From 1 April 2023, the rules that determine ‘control’ for the purposes of the standard small profits rate are at CTA10/S18G. Under those rules, attribution of rights held by associates of participators only applies where there is ‘substantial commercial interdependence’ between the two companies concerned.
The purpose of the rule is to take the existence of other companies into account, for the purposes of the small profits rate, where there is a substantive relationship between the relevant companies but not where any ‘association’ is an accident of circumstance, including circumstance of family relationships that do not extend into business.
The rules apply only to the attribution of rights held by associates of participators.

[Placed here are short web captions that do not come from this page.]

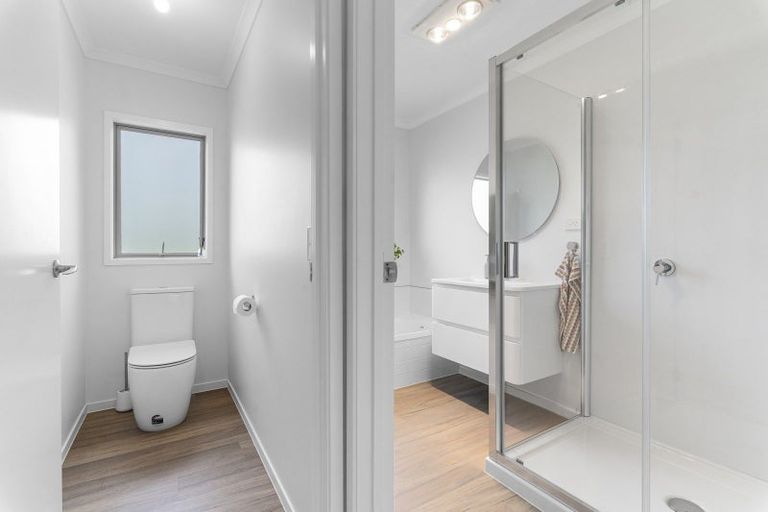 Photo of property in 489a Barrett Road, Omata, New Plymouth, 4374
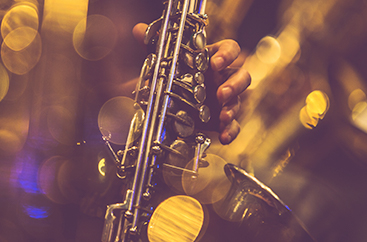 Close up of someone playing the saxophone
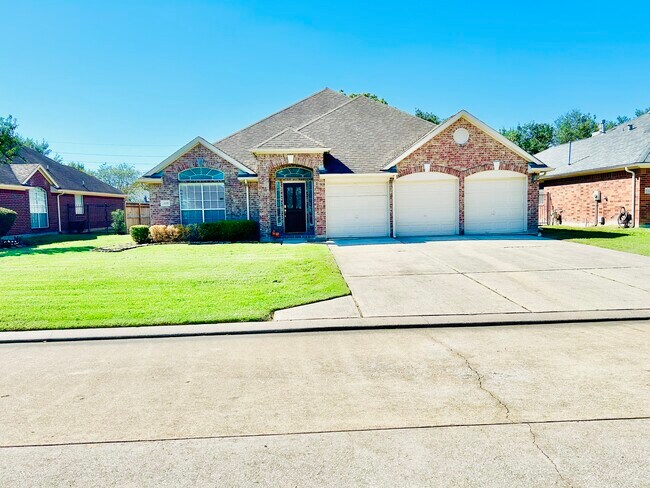 Photo - 11119 Fairway Dr House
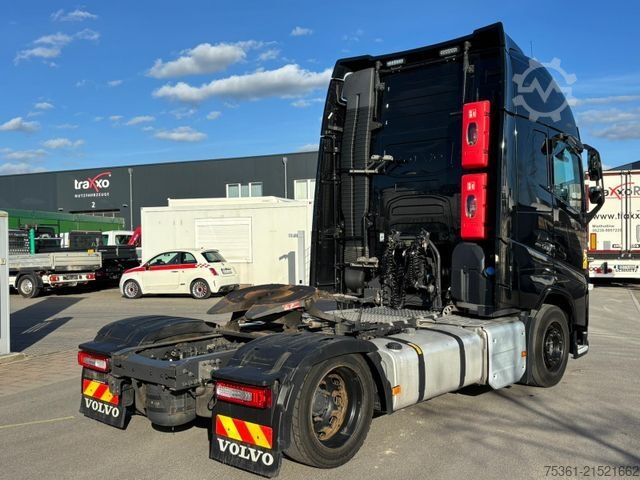Lielapjoma vilcējs VOLVO FH 500  I-Save Globet. RETARDER X-LOW Hubsattel.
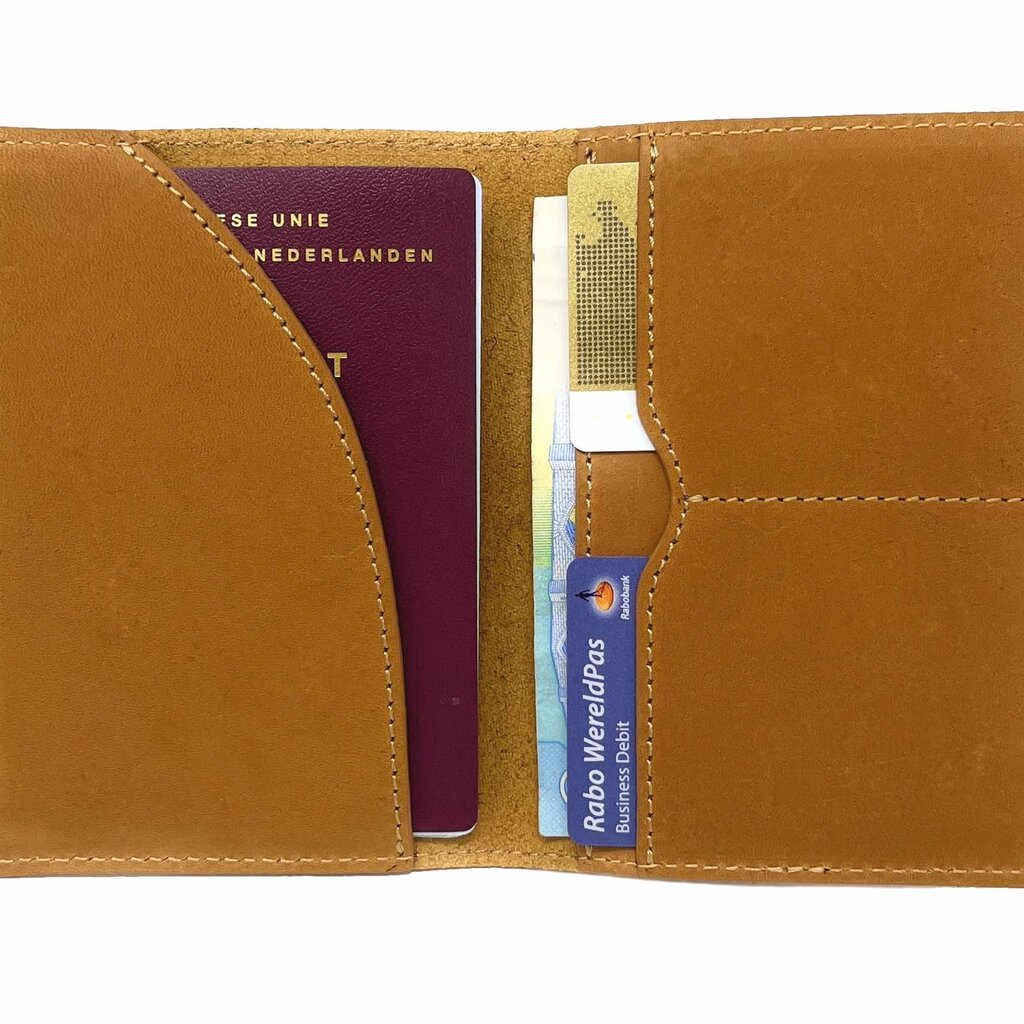 Su.B Paspoorthouder, Kaarthoude,Travel Wallet, Leer  – Bruin
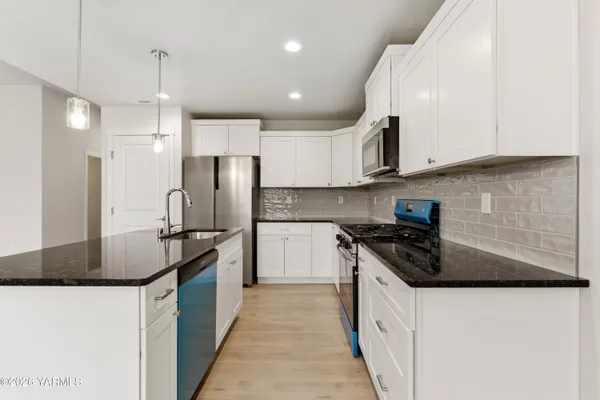 $407,850 | 1607 Castlewood Court, Unit PHASE 11 LOT 299) SPEC, Grandview, WA 98930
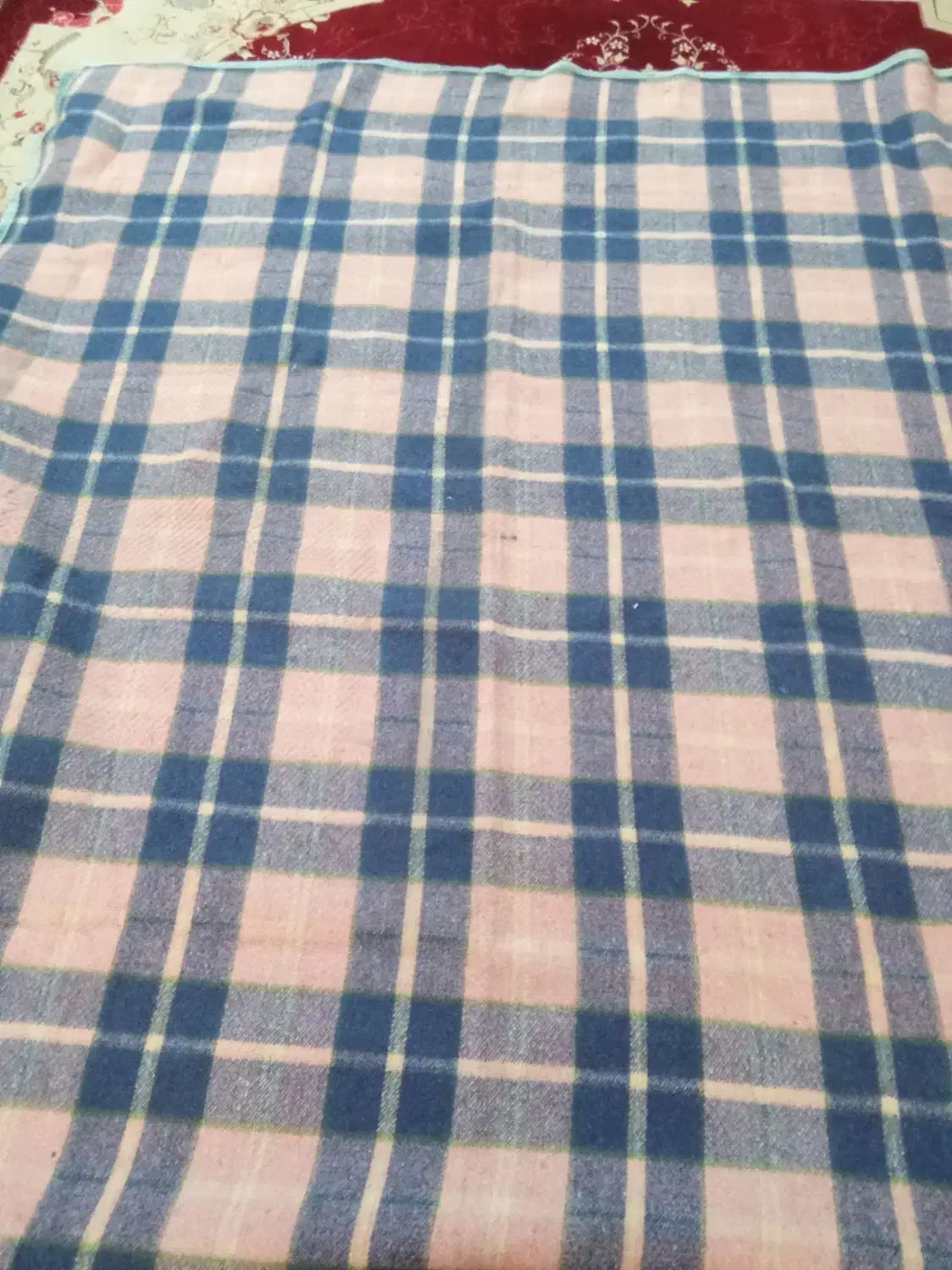 پتو|رختخواب، بالش، پتو|زابل, |دیوار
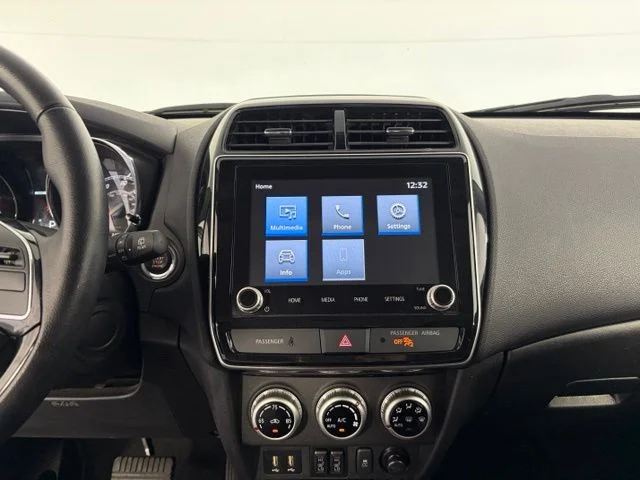 Used 2025 Gray Mitsubishi 2.0 S image 28
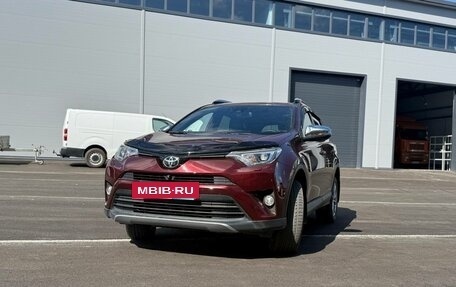 Toyota RAV4, 2018 год, 2 650 000 рублей, 2 фотография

Rights held by the participators themselves are always taken into account, whether or not there is substantial commercial interdependence between the companies concerned.
S18G is supplemented by regulations at SI2022/1203 that prescribes the factors that are to be taken into account in determining whether a relationship between two companies amounts to substantial commercial interdependence. Regulation 3 of SI2022/1203 provides that the factors in paragraph 3(3) of Schedule 1 to the National Insurance Contributions Act 2014 (NICA 2014) are specified for the purposes of making the determination in S18G.
Schedule 1 to NICA 2014 applies for the purposes of establishing if a company is entitled to claim Employment Allowance and also modifies the usual application of the control rules at CTA10/S450 and S451 to determine if companies are associated with each other. Where companies are only associated with each other because of the attribution of rights of relatives etc, the rule only applies if the companies are substantially commercially interdependent. Reg 3 provides that when considering whether there is substantial commercial interdependence, the degree of financial, economic or organisational interdependence between the companies concerned needs to be taken into account.
Each case will depend on its specific circumstances.
Financial, Economic and Organisational interdependence
The examples in CTM03785, CTM03790 and CTM03795 illustrate the types of factors indicative of the necessary links between separate companies that are controlled by associated persons, although there will be many others.
For substantial commercial interdependence to exist, it is not necessary for all three types of links to exist. For example, if there is a sufficient financial link, one company will be an associated company of another even if no economic or organisational links exist.
However, even if substantial commercial interdependence is not present, two companies may still be associated. For example, a husband and spouse may separately own the shares in and run two completely different and separate companies, but the husband has made a loan to his spouse’s company and as part of that loan is entitled to the company’s assets if it is wound up. The two companies will be associated, not through the focus of the interdependence rules - attribution of associates’ rights - but because the husband will control both companies through his shareholding and rights to assets on winding up.